Pro e contro: destinare il TFR a un fondo pensione
Destinare il Tfr alla previdenza complementare presenta una serie di vantaggi legati soprattutto a fiscalità agevolata, possibilità di scelta di differenti profili di investimento e prospettiva di rendimenti superiori. Di seguito i dettagli:
- Vantaggi:
- Rendimento potenzialmente più elevato: il capitale è investito sui mercati finanziari secondo il profilo di rischio selezionato, consentendo performance spesso superiori alla rivalutazione aziendale.
- Tassazione favorevole: aliquota massima del 15% sui capitali al momento della liquidazione, riducibile annualmente fino a un minimo del 9% dopo 35 anni di permanenza.
- Deducibilità dei versamenti: possibilità di dedurre dal reddito IRPEF fino a 5.164,57 € all’anno di contributi al fondo, compresa la quota TFR.
- Flessibilità di investimento: ampia scelta tra fondi negoziali, aperti o piani individuali pensionistici.
- Accesso ad anticipazioni: in casi specifici (spese sanitarie, acquisto/ristrutturazione prima casa, ulteriori esigenze dopo otto anni), è possibile richiedere anticipazioni fino al 75% del capitale maturato.
- Svantaggi:
- Rischio finanziario: i rendimenti non sono garantiti, potendo registrare oscillazioni negative nei periodi di volatilità del mercato.
- Costi di gestione: le commissioni, seppur regolamentate, erodono il rendimento netto rispetto al TFR lasciato in azienda.
- Vincolo di irrevocabilità: una volta conferita la quota TFR a un fondo pensione, non è possibile modificarne la destinazione per il rapporto di lavoro in corso.
- Liquidabilità differita: il capitale è generalmente vincolato fino al raggiungimento dei requisiti per la pensione.
Come cambiare la scelta: casi, procedure e limitazioni pratiche
Le procedure per cambiare la destinazione del Tfr sono stabilite da norme specifiche:
- Cambio dalla permanenza in azienda a fondo pensione: il lavoratore può comunicare in qualunque momento la volontà di conferire il TFR maturando a una previdenza complementare, utilizzando il modello TFR2 da consegnare al datore di lavoro, con effetto sulle quote future.

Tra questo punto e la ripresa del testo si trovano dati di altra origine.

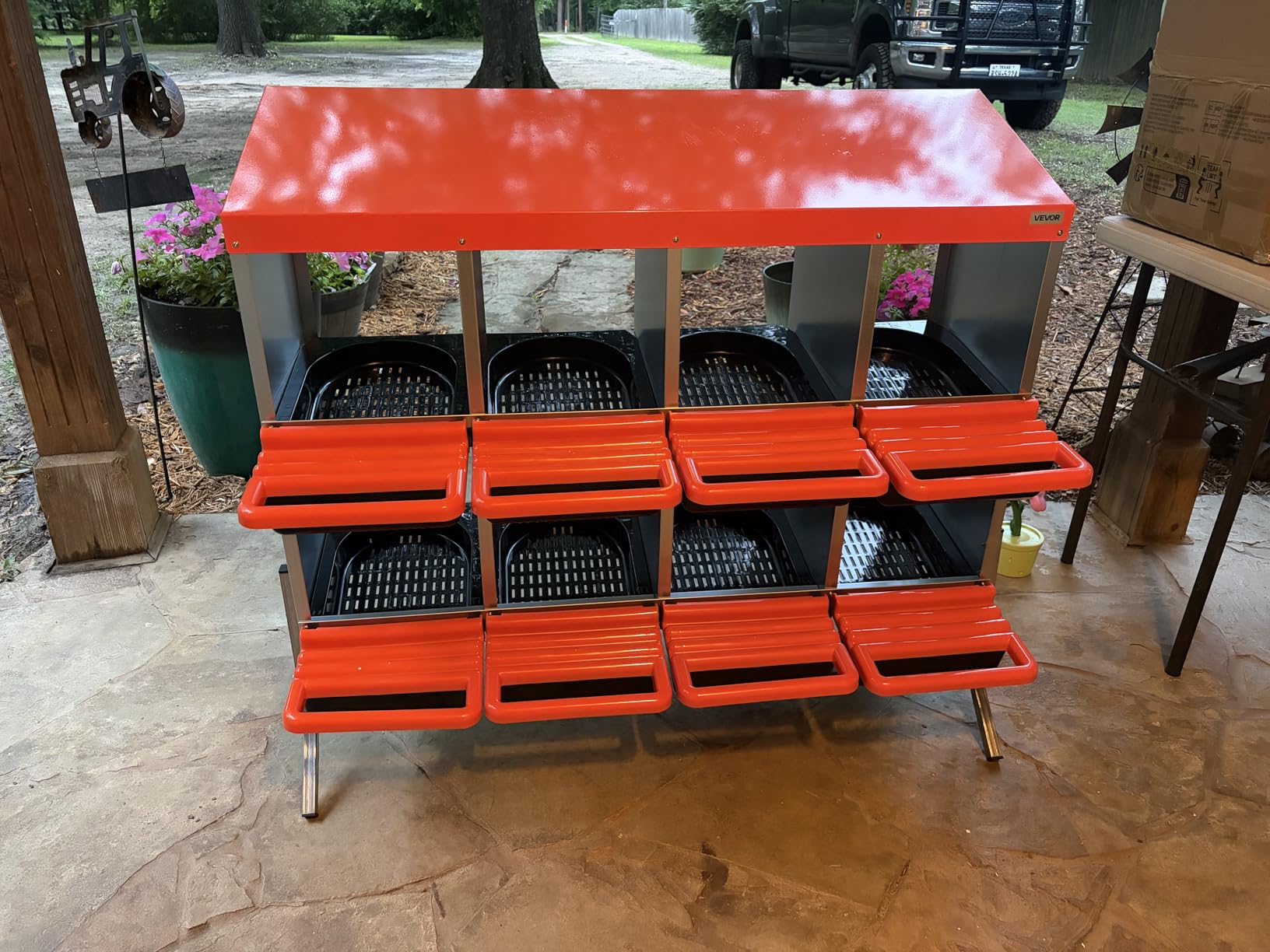 VEVOR Chicken Nesting Boxes, 10 Compartments, with Support Legs, Easy Egg Collection, Galvanized Steel and High-Strength Plastic, Roll Away Nesting Boxes for Chickens and Hens Laying Eggs, Orange customer photo 1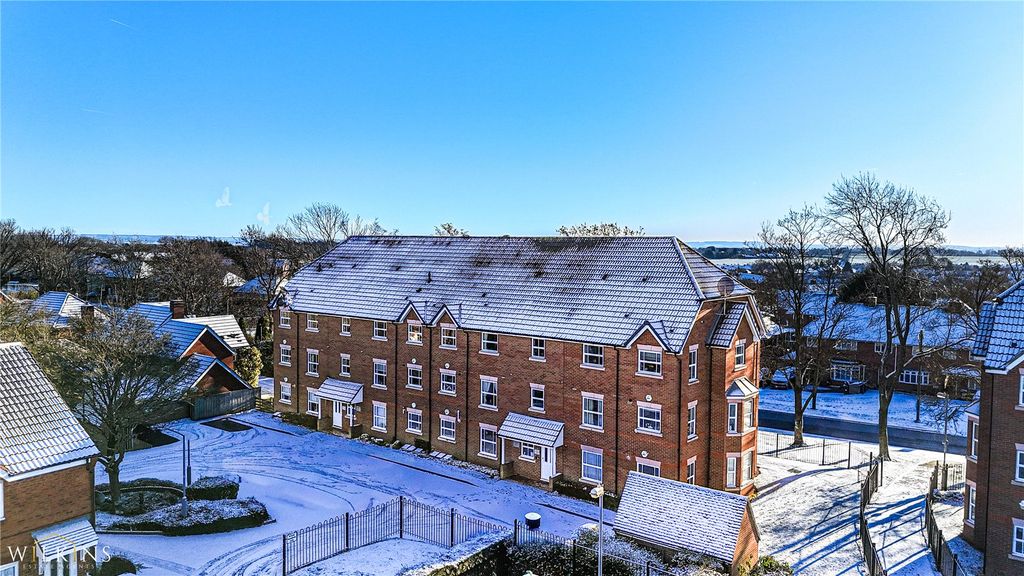 Property photo 1 of 16 Picture No. 15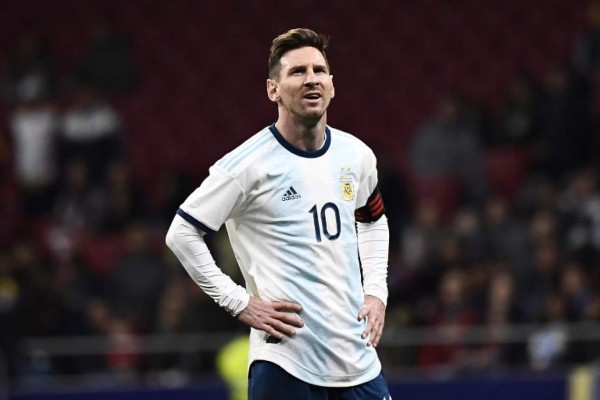 Messi deja la concentración de la selección de Argentina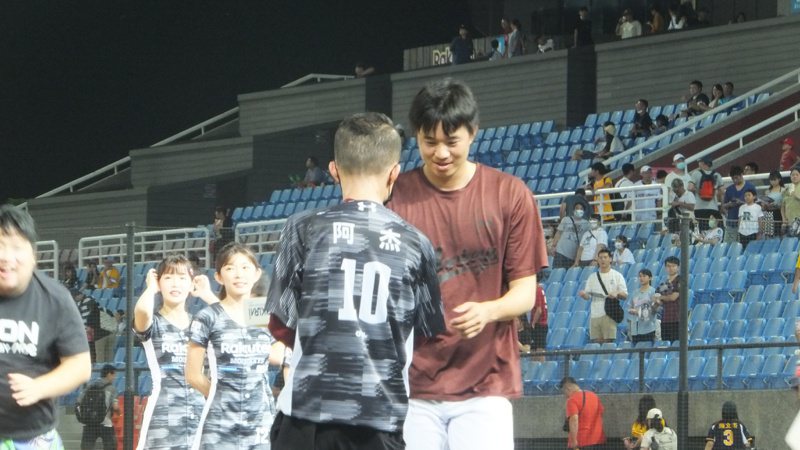 黃子鵬（右）奪下本季第9勝，賽後開心送簽名球給現場球迷。記者藍宗標／攝影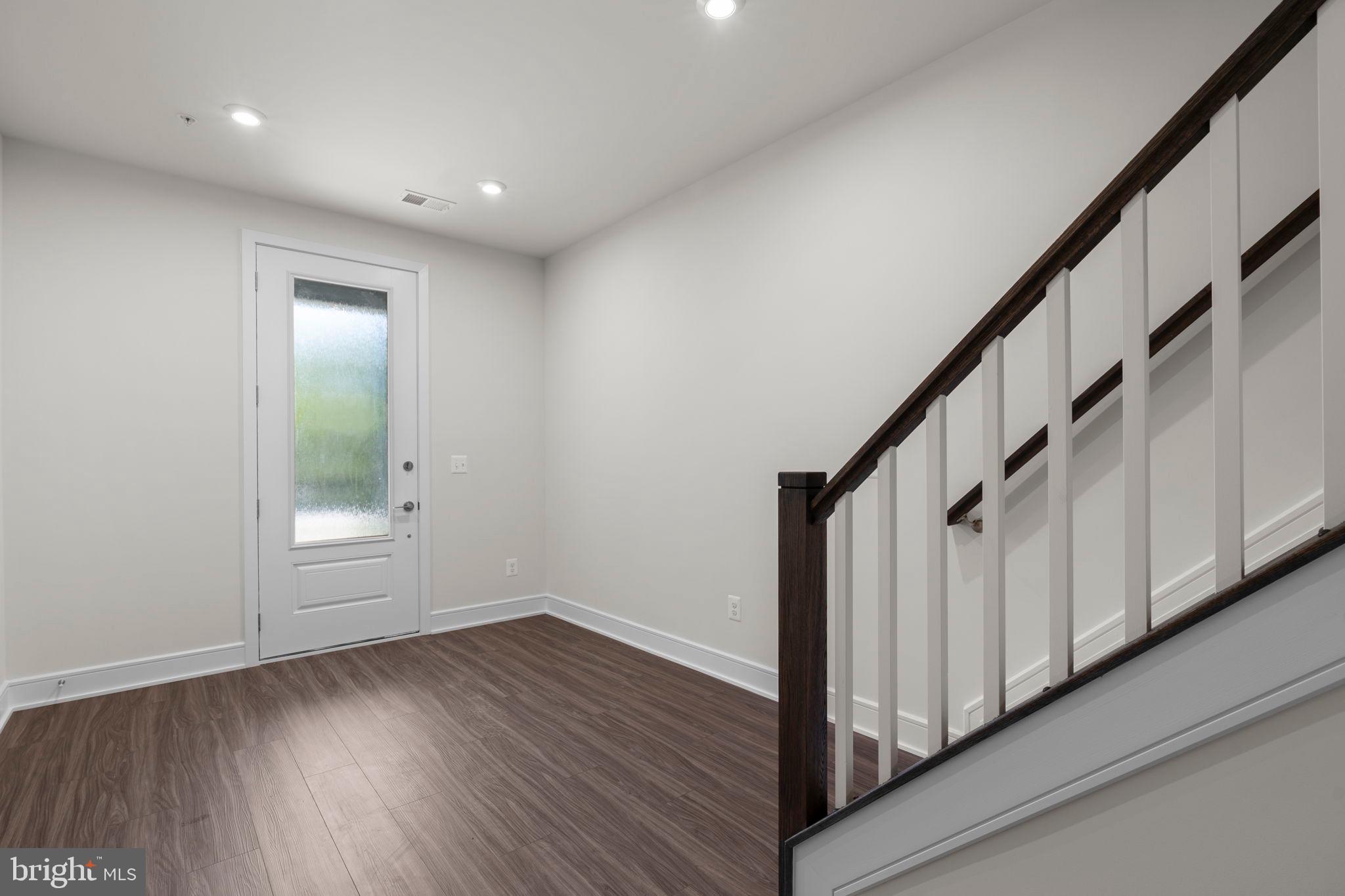 43294 FARRINGDON SQUARE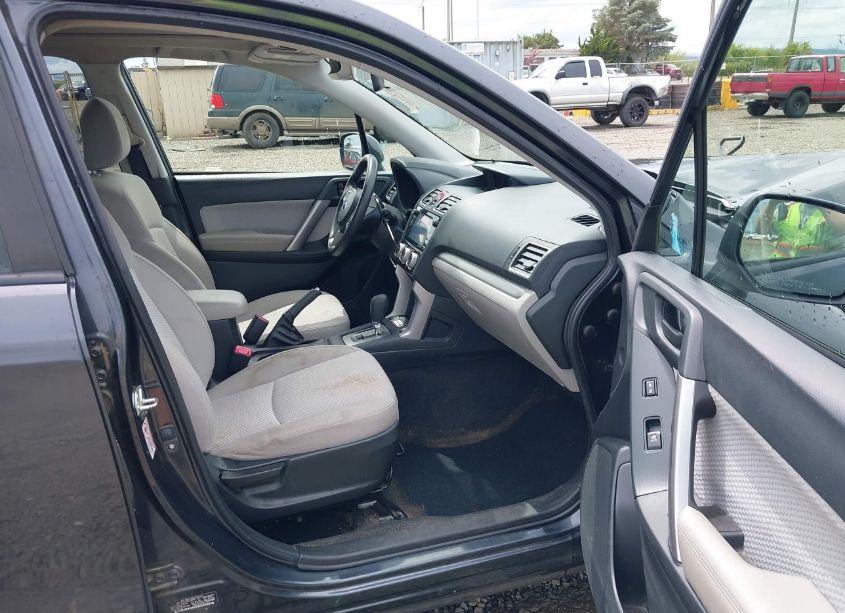 Photo 5 of 2017 Subaru Forester 2.5I PREMIUM (VIN JF2SJAEC8HH412227)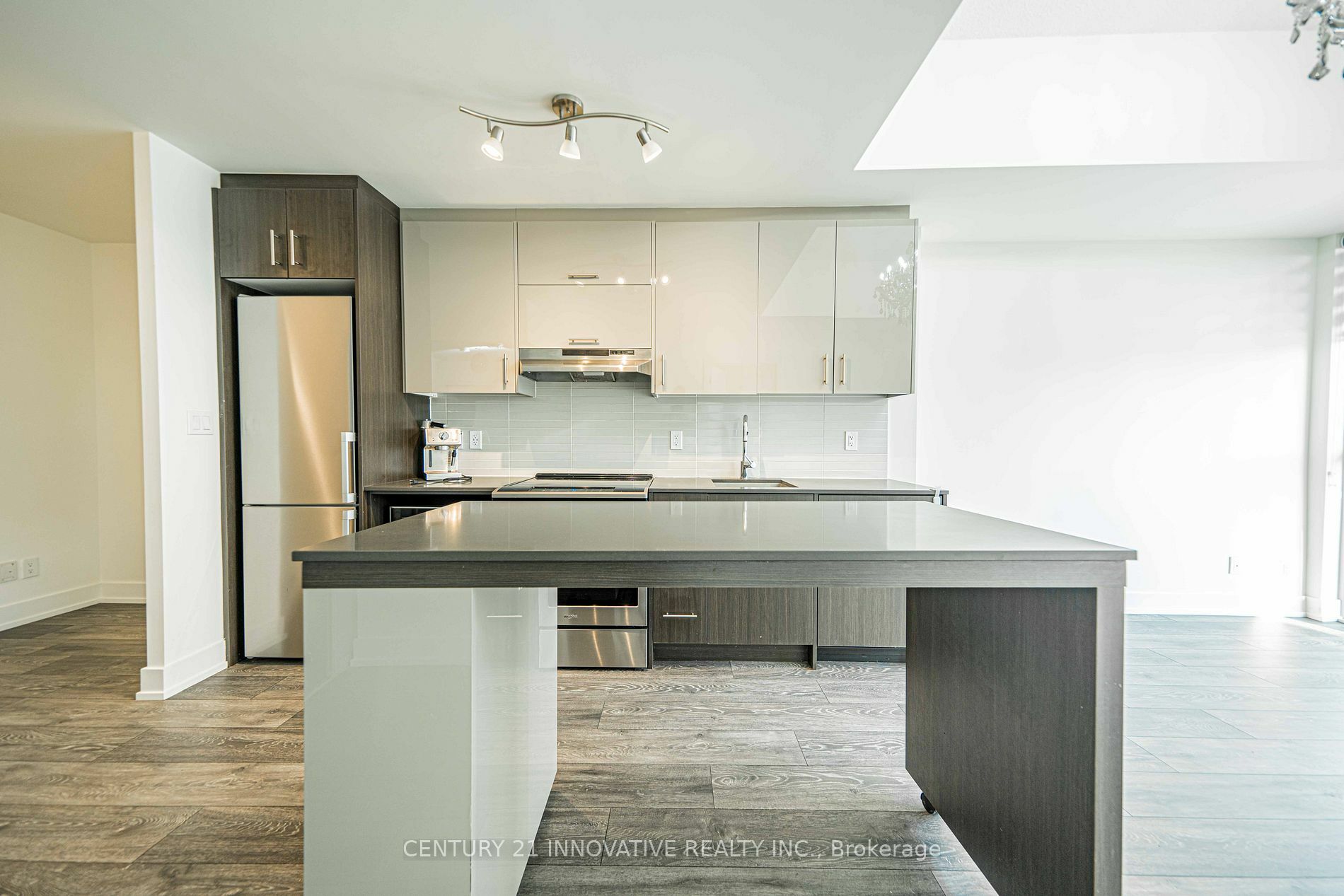 Property Photo:  180 Fairview Mall Dr 517  ON M2J 0G4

- Irrevocabilità della destinazione al fondo pensione: una volta aderito alla previdenza complementare con il TFR dei nuovi accantonamenti, la scelta è vincolante per tutta la durata di quel rapporto di lavoro. È invece sempre possibile trasferire il capitale accumulato tra diversi fondi pensione.
- Nuova finestra alla nuova assunzione: nel caso di cambio di datore di lavoro, ogni nuovo rapporto comporta la riapertura della finestra decisionale di sei mesi su come destinare il TFR futuro.
- Gestione delle posizioni accumulate in precedenza: il TFR già maturato mantiene le regole che gli erano proprie, ma la posizione nel fondo può essere riscattata, trasferita o lasciata in gestione secondo le previsioni della legge e dei regolamenti di ciascun fondo.